Une enquête est ouverte le même jour par le parquet antiterroriste de Paris pour «association de malfaiteurs en vue de la préparation d'acte terroriste.» L'état mental du suspect laisse entrevoir la présence de troubles psychologiques. Mais selon les conclusions d'une première expertise psychiatrique, il est accessible à une sanction pénale. Quelques heures après son arrestation, il est transféré à Paris, devant un juge antiterroriste.
Originaire de Lunel (Hérault) et domicilié à Lisle- sur-Tarn (81), où il est assigné à résidence, le suspect, converti à la religion musulmane et très vite radicalisé en 2014, via internet et les forums de discussion, «voulait mourir en martyr», indique son avocat toulousain, Me Jocelyn Momasso Momasso. 

Les enquêteurs retrouvent effectivement à son domicile un fusil et une machette. Selon des sources proches de l'enquête, le suspect aurait reconnu durant sa garde à vue des projets d'attaque sur des touristes étrangers, en réponse aux frappes américaines sur la Syrie, mais il aurait également évoqué son intention de vouloir frapper des policiers et des militaires après être entré en relation avec un émir. 
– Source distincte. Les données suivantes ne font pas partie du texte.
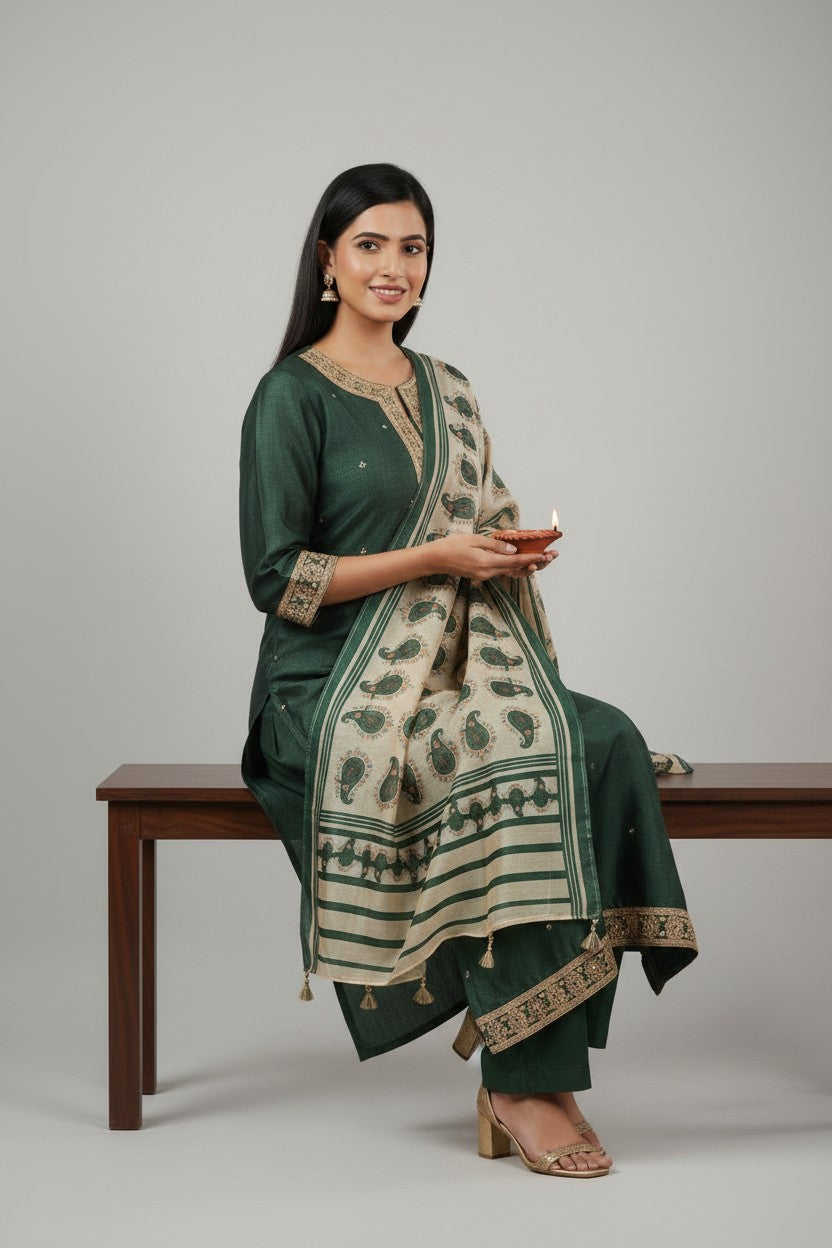 Contemporary Vichitra Silk Straight Cut Salwar Suit - Bottle Green | Rangoli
Un projet terroriste fomenté depuis son écran, comme des dizaines de radicalisés isolés et «jihadiste du clavier», agissant pour le compte des réseaux criminels basés en Syrie et appartenant à la caste de ces terroristes «low cost», candidats au sacrifice final. Depuis les appels lancés par leurs chefs religieux incitant leurs nervis à «frapper policiers et militaires durant la période du ramadan», ces radicalisés de l'ombre sont prêts à tout.
L'homme se revendique proche du Front al-Nosra, un groupuscule affilié à al-Qaïda.  «Cette arrestation démontre l'efficacité des services du renseignement et leur détermination à mettre à mal tous les réseaux terroristes sur le territoire national», commente Christophe Miette, du syndicat des cadres de la sécurité intérieure. 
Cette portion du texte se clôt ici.